IL CINEMA DEI GIUSTI - AH, TORNANO I COATTI. QUELLI VERI. DE CORE. E È DIFFICILE ESSERE PIÙ COATTI E PIÙ DE CORE DI MIRKO FREZZA CHE INTERPRETA SE STESSO E LA LOTTA PER NON RICADERE NELLA VIOLENZA E NELLO SPACCIO NE DI “IL PIÙ GRANDE SOGNO” DI MICHELE VANNUCCI
Marco Giusti per Dagospia
Ah, tornano i coatti. Quelli veri. De core. E è difficile essere più coatti e più de core di Mirko Frezza, personaggione nella vita e ora attivo anche al cinema in piccoli ruoli, come l’amico barbuto di Rocco Schiavone in tv. Insomma, forte del successo di pubblico a Venezia nella sezione “Orizzonti”, arriva in sala Il più grande sogno, opera prima, di Michele Vannucci, 29 anni, interamente costruito sulla vera storia appunto di Mirko Frezza, coatto purissimo, che interpreta se stesso e la sua lotta per non ricadere, nella violenza da strada, nello spaccio e quindi rifinire in galera.
Mirko, 39 anni, grosso, leader della comunità malavitosa, da poco uscito di galera, proprio quando pensa di non avere un futuro, riesce a farsi eleggere come presidente di circoscrizione e a mettere in piedi una sorta di sua cittadella ideale per gli abitanti del quartiere.
Vannucci ha seguito per tre anni il suo protagonista e lo ha poi riportato in scena seguendo una sceneggiatura scritta assieme a Anita Otto, mischiandolo a veri attori, l’Alessandro Borghi di Suburra e Non essere cattivo che fa l’amico Boccione, ex-spacciatore redento, Vittorio Viviani che fa il padre malavitoso, le ragazze Milena Mancini, Ivana Lotito.
Mirko dovrà scegliere se continuare sulla buona strada, più difficile, più faticosa, proteggendo la sua famiglia, sua figlia, un’altra che deve nascere, la sua donna, o tornare alla vecchia strada per mantener fede al suo codice di duro. E quindi sparare e tornare in galera. Come spesso, se non sempre capita.
“La tua testa è fatta così”, gli dice il padre. L’ambientazione, come in molti recenti film italiani, è puro Jeeg, ma l’idea di cinema di Vannucci è del tutto diversa, visto che segue il suo protagonista Mirko quasi sempre di spalle, come in un film post-dardenniano, ma anche come se fossimo in una docu-fiction o in documentario alla Gianfranco Rosi.

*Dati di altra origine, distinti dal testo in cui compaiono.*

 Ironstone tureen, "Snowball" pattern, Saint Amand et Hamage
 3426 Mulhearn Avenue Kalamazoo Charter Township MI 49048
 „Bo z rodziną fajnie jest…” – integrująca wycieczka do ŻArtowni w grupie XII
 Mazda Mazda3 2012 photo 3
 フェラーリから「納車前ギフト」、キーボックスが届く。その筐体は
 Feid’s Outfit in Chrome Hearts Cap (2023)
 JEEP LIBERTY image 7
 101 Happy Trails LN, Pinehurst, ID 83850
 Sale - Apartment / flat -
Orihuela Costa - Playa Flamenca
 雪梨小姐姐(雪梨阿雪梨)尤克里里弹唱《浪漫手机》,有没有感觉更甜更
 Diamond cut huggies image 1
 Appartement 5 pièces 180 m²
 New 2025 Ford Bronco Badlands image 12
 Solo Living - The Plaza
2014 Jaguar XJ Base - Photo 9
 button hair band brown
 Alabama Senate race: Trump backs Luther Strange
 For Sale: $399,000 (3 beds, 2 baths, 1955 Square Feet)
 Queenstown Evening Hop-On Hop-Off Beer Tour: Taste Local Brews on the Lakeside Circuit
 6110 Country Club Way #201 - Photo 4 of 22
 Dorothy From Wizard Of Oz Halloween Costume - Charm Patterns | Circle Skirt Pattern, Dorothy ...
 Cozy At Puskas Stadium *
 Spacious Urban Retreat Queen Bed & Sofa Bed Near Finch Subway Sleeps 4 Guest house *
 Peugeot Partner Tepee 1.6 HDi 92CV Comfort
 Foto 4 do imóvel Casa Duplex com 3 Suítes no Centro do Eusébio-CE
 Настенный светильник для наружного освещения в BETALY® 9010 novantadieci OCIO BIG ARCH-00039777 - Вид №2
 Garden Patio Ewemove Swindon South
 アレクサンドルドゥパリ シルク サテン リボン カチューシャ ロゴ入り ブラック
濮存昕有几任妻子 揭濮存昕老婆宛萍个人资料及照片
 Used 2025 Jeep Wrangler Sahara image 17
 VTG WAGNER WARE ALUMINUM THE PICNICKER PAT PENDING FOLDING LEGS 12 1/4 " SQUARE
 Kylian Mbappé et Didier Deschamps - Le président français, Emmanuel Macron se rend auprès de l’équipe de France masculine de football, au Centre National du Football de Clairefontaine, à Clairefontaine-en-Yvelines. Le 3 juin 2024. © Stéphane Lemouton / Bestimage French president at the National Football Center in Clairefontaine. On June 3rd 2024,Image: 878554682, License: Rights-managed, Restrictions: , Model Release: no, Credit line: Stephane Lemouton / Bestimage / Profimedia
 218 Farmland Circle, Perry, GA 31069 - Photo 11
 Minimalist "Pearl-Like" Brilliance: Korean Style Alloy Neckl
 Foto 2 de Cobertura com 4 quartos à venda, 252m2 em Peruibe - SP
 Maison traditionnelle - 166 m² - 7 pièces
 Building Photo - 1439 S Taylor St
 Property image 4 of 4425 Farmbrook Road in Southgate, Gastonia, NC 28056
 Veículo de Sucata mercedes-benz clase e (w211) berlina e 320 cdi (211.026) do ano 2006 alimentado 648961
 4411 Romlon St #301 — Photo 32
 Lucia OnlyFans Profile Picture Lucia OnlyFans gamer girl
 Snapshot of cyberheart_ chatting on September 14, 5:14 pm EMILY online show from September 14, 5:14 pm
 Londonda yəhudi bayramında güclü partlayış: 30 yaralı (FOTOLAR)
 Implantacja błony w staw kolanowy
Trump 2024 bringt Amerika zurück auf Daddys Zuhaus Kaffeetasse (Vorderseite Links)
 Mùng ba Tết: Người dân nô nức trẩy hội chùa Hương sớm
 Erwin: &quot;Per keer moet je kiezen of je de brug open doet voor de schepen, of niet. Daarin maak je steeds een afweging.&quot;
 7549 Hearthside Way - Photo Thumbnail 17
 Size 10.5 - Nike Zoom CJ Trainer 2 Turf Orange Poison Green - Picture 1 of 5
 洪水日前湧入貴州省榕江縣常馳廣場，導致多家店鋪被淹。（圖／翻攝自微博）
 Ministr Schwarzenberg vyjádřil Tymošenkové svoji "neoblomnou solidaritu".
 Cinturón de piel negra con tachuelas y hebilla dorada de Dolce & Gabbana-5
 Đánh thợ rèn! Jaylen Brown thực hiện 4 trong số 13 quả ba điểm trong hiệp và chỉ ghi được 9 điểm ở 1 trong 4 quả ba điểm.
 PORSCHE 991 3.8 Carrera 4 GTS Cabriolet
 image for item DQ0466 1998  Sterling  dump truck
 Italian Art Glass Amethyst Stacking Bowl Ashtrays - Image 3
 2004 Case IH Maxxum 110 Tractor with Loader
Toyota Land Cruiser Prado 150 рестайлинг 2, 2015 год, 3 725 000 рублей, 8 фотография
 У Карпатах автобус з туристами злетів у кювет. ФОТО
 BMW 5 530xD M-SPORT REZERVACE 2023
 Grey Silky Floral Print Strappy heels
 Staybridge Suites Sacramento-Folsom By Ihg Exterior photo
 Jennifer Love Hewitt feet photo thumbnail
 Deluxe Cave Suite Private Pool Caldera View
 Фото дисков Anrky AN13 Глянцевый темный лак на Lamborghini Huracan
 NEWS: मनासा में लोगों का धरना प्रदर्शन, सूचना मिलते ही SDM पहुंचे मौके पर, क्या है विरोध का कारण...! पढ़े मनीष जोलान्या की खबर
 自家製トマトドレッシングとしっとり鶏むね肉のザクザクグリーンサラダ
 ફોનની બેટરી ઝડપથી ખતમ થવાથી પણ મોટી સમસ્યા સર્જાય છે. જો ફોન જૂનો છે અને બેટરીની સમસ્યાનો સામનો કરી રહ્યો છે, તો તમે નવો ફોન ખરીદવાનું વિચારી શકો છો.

Anche se a volte la bella musica di Teho Tehardo sottolinea troppo i sentimenti dei protagonisti, e la fotografia della Roma dei quartieri pecca di qualche estetismo, la forza di Mirko e degli attori impegnati nel film e l’assoluta sincerità del regista rendono questo Il più grande sogno qualcosa di più di un’opera prima riuscita. In sala da giovedì.